Fuera de allí era la provincia de Tascaltecal, por do el capitán, con seis de caballo y algunos peones adelantado para asegurar el camino a su gente, halló quince hombres aderezados de guerra, los cuales, defendiéndose, mataron dos caballos y hirieron cinco españoles. A sus voces vinieron cinco mil otros que cerca estaban, mas los nuestros llegaron a tiempo que les defendieron el daño que pudieran hacer, y, muertos sesenta de ellos, los otros huyeron. Luego, los señores de Tascaltecal enviaron mensajeros que dijesen al capitán que aquella no era gente subjecta a su gobierno, sino hombres malos que robando por los campos mantienen su libertad, y que mucho le rogaban que entrase en la tierra, do en sus obras conoscería su voluntad. Empero, el capitán, que temía más las traiciones que confiaba en palabras, tanto despertaba más cuanto más los enemigos procuraban de quitarle el cuidado.

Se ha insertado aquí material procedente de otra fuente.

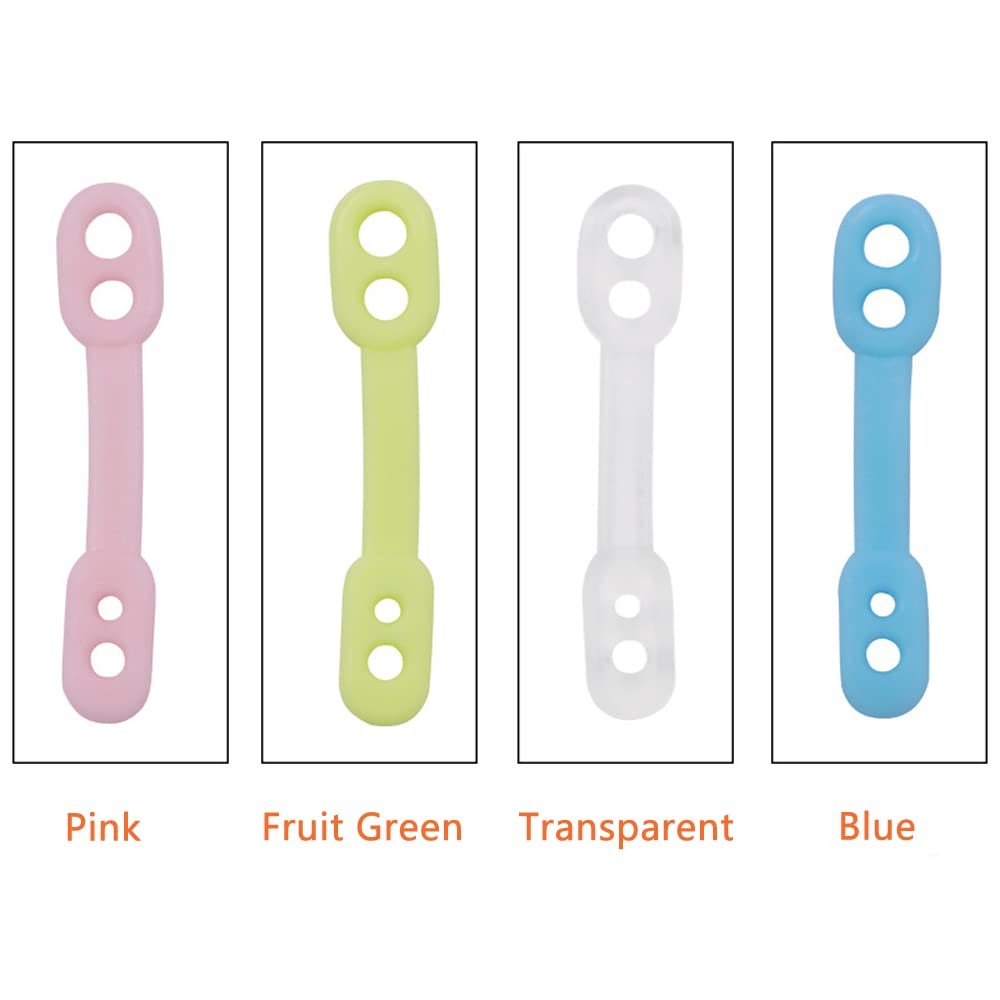 20 Pack Clothes Hangers Windproof Lock Straps Buckle Shockproof Non Falling S...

El día siguiente, saliendo el sol, dos mensajeros naturales de Cempoal, que para demandar amistad el capitán había enviado a los señores de Tascaltecal, vinieron heridos, huyendo de la muerte con que dijeron que los seguían. Tras ellos pareció una compaña que, huyendo, puso a los nuestros en codicia de entrar, do se hallaron cercados de cient mil hombres. Allí, peleando hasta cerca de la noche, mostraron bien que vale más la fortaleza que la muchedumbres, matando de los enemigos los que se osaban acercar y defendiendo tan bien sus cuerpos, que ninguno quedó herido. Así los nuestros salieron de la batalla esforzados y temidos, a reparar sus fuerzas con mantenimiento y descanso junto a una torre de ídolos, do paresció al capitán buen lugar para asentar real.

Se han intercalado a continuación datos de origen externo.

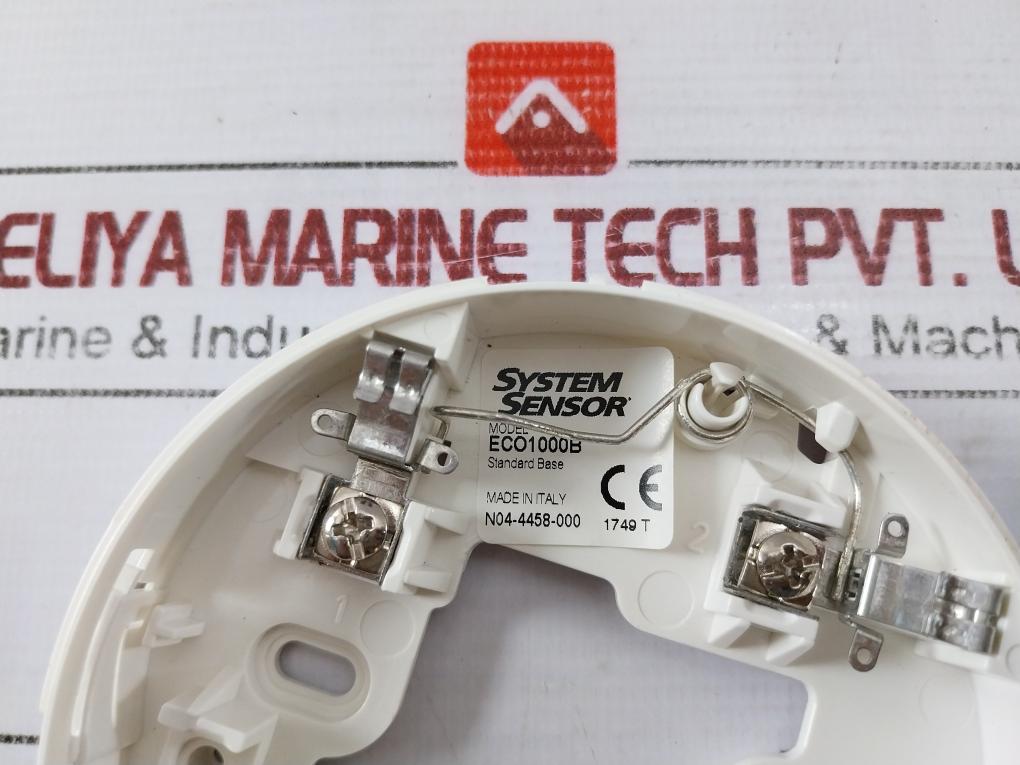 System Sensor Eco1003 Photoelectric Smoke Detector En54-7 Rev A 1749 T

De allí el capitán, por mostrar a los enemigos más deseo de la guerra que temor, el día siguiente con la gente de caballo y cient españoles y setecientos indios quemó seis aldeas y trujo al real presos cuatrocientos hombres. Los enemigos, viendo que no debían dar descanso a gente que tanta priesa se daba a hacer mal, ayuntados en número de ciento cincuenta mil, acometieron el real con tanta gana de vengarse, que no pudieron defenderles la entrada, mas presto les hicieron buscar la salida, peleando con la osadía que antes contra ellos habían ganado. Partida esta batalla, el capitán otro día robó y quemó diez pueblos, y antes que hubiese ayuntamiento de los enemigos que osase defenderlo la gente y el despojo estaba en el real.

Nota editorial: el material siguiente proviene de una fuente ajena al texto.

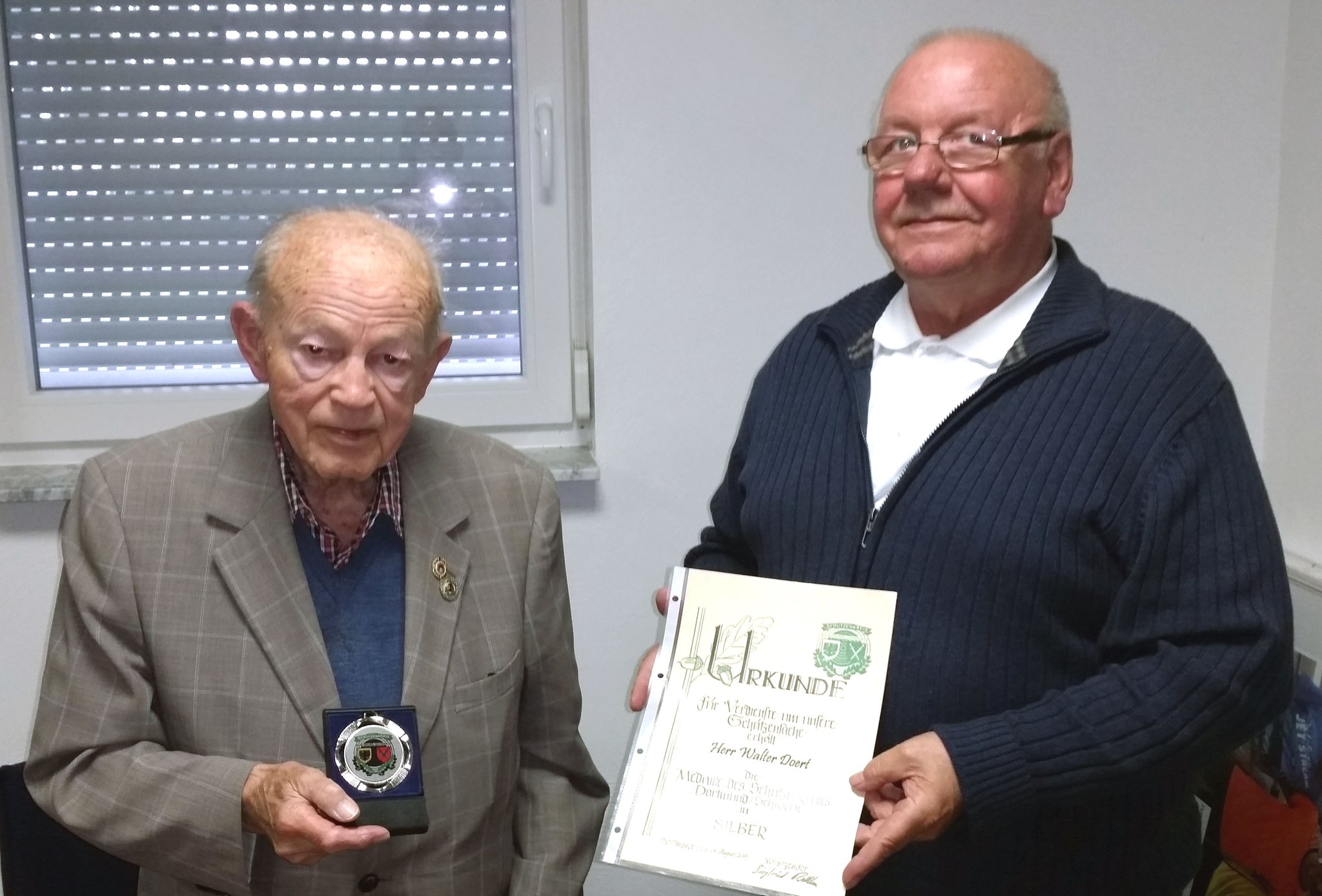 Besondere Auszeichnung für Walter Doert DortmundSüd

Los principales de los enemigos enviaron luego mensajeros con ofrescimiento de amistad y dones con que fuese bien rescebido. El capitán, que siempre estaba igualmente aparejado a guerra y paz, respondió humanamente a su demanda, y por esta seguridad vinieron al real cincuenta de los contrarios, hombres principales, a considerar su sitio y sus partes por do sería mejor acometido. El capitán, avisado de los de Cempoal, hizo a uno confesar con amenazas que Sintengal, capitán de los de Tascaltecal, estaba escondido con mucha gente para tomar los nuestros en el descuido que con sus muestras de amistad pensaban que temían, y que ellos eran venidos a ver el real para después regir la manera del combate, el cual querían que fuese de noche, porque, no viendo nuestras armas, no las temiesen. El capitán, considerando que a los traidores no hay crueles, les mandó a todos cortar las manos y que, puestos en libertad, dijesen a Sintengal que no había noche para sus ojos ni estorbo para
sus armas y que cuando fuese su voluntad se lo mostraría. Pasado el día, Sintengal se acercaba, y el capitán, por no dejar los enemigos llegar al real, do cualquier daño fuera sin reparo, salió con la gente de caballo con tal ímpetu, que los enemigos, no osando ponerse al encuentro, desbaratados huyeron.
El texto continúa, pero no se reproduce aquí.